Outstanding in their field Stng Head-WEB

Since the world did not end with the eclipse as some prophesized, it appears I will have to write another article and farm another season.

I was front and center for the eclipse in southern Indiana. Being a “self-described weather geek,” I felt I should experience this event since I could reasonably expect I may die before the next time it came close to the Midwest. Having worked in a field spraying in 2017 during the 90 percent totality event, this gave me good reference to how much difference that last 5-10 percent of the sun blockage is.

As I watched the moon first clip the edge of the sun to about 50-60 coverage, not much was different. Like 2017, you wouldn’t even know anything was going on. By 90 percent coverage, you could feel how cool it was getting. As 95 percent coverage quickly became totality, it was like the evening sunset was sped up from 2 hours to only 2 minutes. The frogs started singing.

I found it interesting that it was dark immediately around me, but the horizon on 360 degrees had an orange glow as if the sun was rising in all directions.

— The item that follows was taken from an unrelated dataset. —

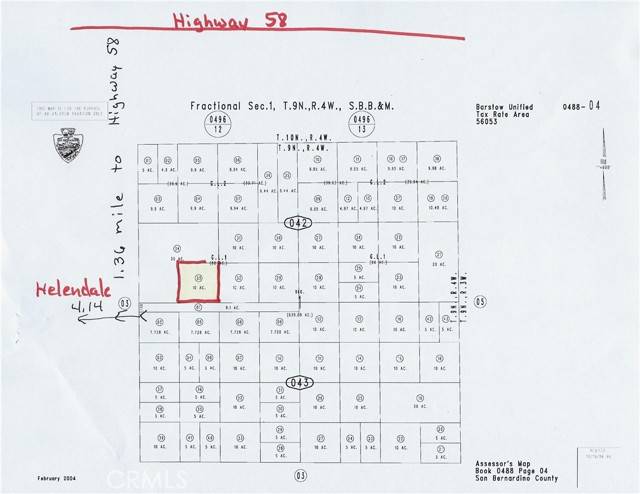 Hinkley, CA 92347,33 Wagner East Road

It did not last long since a cloud blocked the last 30-40 seconds of the total eclipse. Witnessing totality did emphasize how strong the sun really is. I listened to Tom Skilling do an interview on the radio during my trip south. He stated that even 90 percent coverage of the sun still allows about 90 of normal daylight. My viewing confirmed this: The sun is quite the hard worker, even when only giving 10 percent effort. Can you say the same?

My eclipse viewing party was part of an overall trip to Dalton, Georgia, to pick up some special-order farm supplies that would have incurred a $1,600 shipping charge. I traveled through Tennessee for the first time in 40 years. The scenery is beautiful, I can see that as a bonus for those who have fled Illinois for Tennessee.

I witnessed first-hand how congested all the highways were. The interstates were full of trucks, just like Will County. I have been informed that the population has grown so fast the traffic infrastructure has not kept up and that home prices have skyrocketed.

Two nights were spent in Chattanooga before loading the truck in Georgia and coming home. The Aquarium along the Tennessee River was very good. Their historic downtown has much to offer. The first night, it was drizzling, and we thought it was a ghost town; we were the only pedestrians other than the 2-3 homeless that we encountered each block.

The next day, we went to the river walk earlier and in sunny weather, and the downtown was alive with people. The difference was night and day, just like 90 percent eclipse to totality.

A trip to Lookout Mountain and the historic battlefield was very diminished by thick fog. I didn’t think I would like Rock City, the pea soup fog added a unique aura to the visit, even though we had no chance to see 6 states from the viewing area. I did not get to see Ruby Falls or ride the incline railway. Nor did I see any runaway trucks while descending the Monteagle plateau on I-24.

Now a revisit to my last article and tie-in to Earth Day: Now that my hometown of Manhattan can boast that it has a McDonald’s restaurant, plastic debris is not my only nemesis while doing field work this spring. I now notice many bags of refuse thrown out in the ditches and fields with the Golden Arches on the paper bag. The litterbugs used to buy their fast food in New Lenox and threw the garbage out before Manhattan.